Organizations typically connect to a data warehouse through a single engine to ensure data consistency. However, there are cases where the processing capabilities of one engine may be better suited to specific tasks than another.

By decoupling storage from compute and with growing support for open table formats like Apache Iceberg and Hive, different engines can now interact with the same data.

With SQLMesh's new multi-engine feature, users can leverage multiple engine adapters within a single project, offering the flexibility to choose the best engine for each task.

This feature allows you to run each model on a specified engine, provided the data catalog is shared and the engines support read/write operations on it.

Configuring project with multiple engines

To configure a SQLMesh project with multiple engines, simply include all required gateway connections in your configuration.

Next, specify the appropriate gateway in the MODEL DDL for each model. If no gateway is explicitly defined, the default gateway will be used.

The virtual layer will be created within the engine corresponding to the default gateway.

Example

Below is a simple example of setting up a project with connections to both DuckDB and PostgreSQL.

In this setup, the PostgreSQL engine is set as the default, so it will be used to manage views in the virtual layer.

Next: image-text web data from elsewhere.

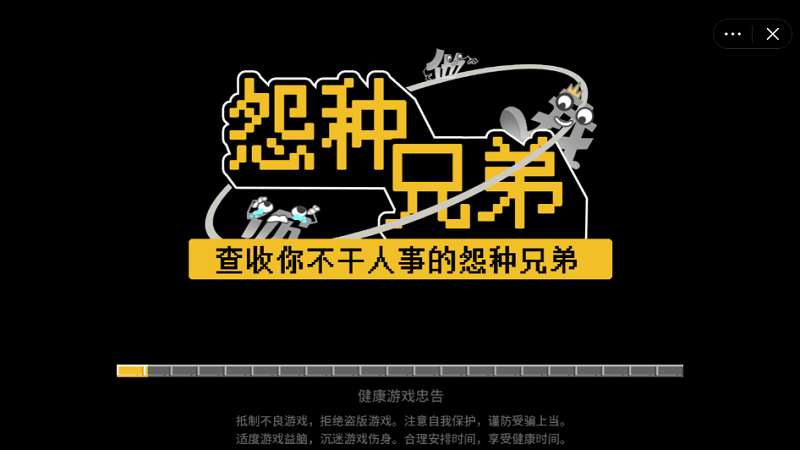 怨种兄弟官方版 怨种兄弟游戏下载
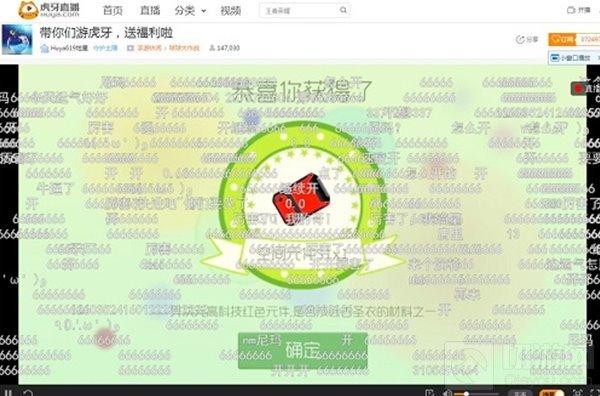 球球大作战619户外猎魔出征 所到之处寸草不生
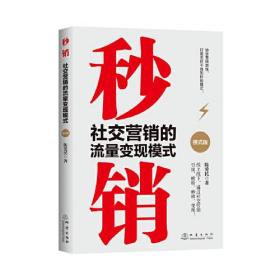 秒销：社交营销的流量变现模式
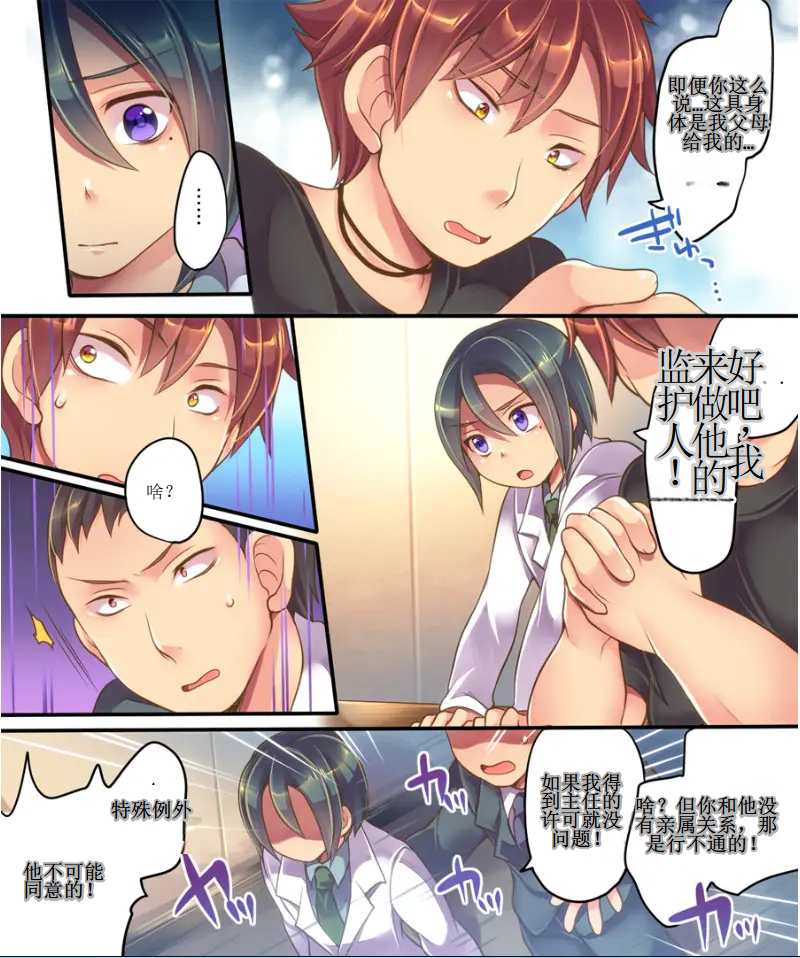 [うえにあるみかん (れいとうみかん、あむぁい)] 失业的我通过身体转化变成了后辈侍女？！[Chinese] [AI Translated] - Page 4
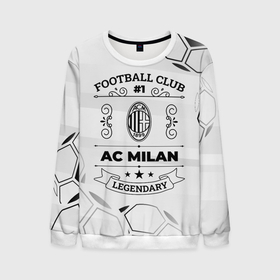 Мужской свитшот 3D с принтом AC Milan Football Club Number 1 Legendary в Белгороде, 100% полиэстер с мягким внутренним слоем | круглый вырез горловины, мягкая резинка на манжетах и поясе, свободная посадка по фигуре | Тематика изображения на принте: ac milan | club | football | logo | milan | paint | брызги | клуб | краска | лого | милан | мяч | символ | спорт | футбол | футболист | футболисты | футбольный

Meanwhile, the DuckDB's attach feature enables read-write access to the PostgreSQL catalog's physical tables.

gateways:
  duckdb:
    connection:
      type: duckdb
      catalogs:
        main_db:
          type: postgres
          path: 'dbname=main_db user=postgres host=127.0.0.1'
      extensions:
        - name: iceberg
  postgres:
    connection:
      type: postgres
      database: main_db
      user: user
      password: password
      host: 127.0.0.1
      port: 5432
default_gateway: postgres
from sqlmesh.core.config import (
    Config,
    ModelDefaultsConfig,
    GatewayConfig,
    DuckDBConnectionConfig,
    PostgresConnectionConfig
)
from sqlmesh.core.config.connection import DuckDBAttachOptions

config = Config(
    model_defaults=ModelDefaultsConfig(dialect="postgres"),
    gateways={
        "duckdb": GatewayConfig(
            connection=DuckDBConnectionConfig(
                catalogs={
                    "main_db": DuckDBAttachOptions(
                        type="postgres",
                        path="dbname=main_db user=postgres host=127.0.0.1"
                    ),
                },
                extensions=["iceberg"],
            )
        ),
        "postgres": GatewayConfig(
            connection=PostgresConnectionConfig(
                host="127.0.0.1",
                port=5432,
                user="postgres",
                password="password",
                database="main_db",      
            )
        ),
    },
    default_gateway="postgres",
)

Given this configuration, when a model’s gateway is set to duckdb, it will be materialized within the PostgreSQL main_db catalog, but it will be evaluated using DuckDB’s engine.

MODEL (
  name orders.order_ship_date,
  kind FULL,
  gateway duckdb,
);

SELECT
  l_orderkey, 
  l_shipdate
FROM 
  iceberg_scan('data/bucket/lineitem_iceberg', allow_moved_paths = true);

In this model, the DuckDB engine can be used to scan and load data from an iceberg table and create the physical table in the PostgreSQL database.

While the PostgreSQL engine is responsible for creating the model's view for the virtual layer.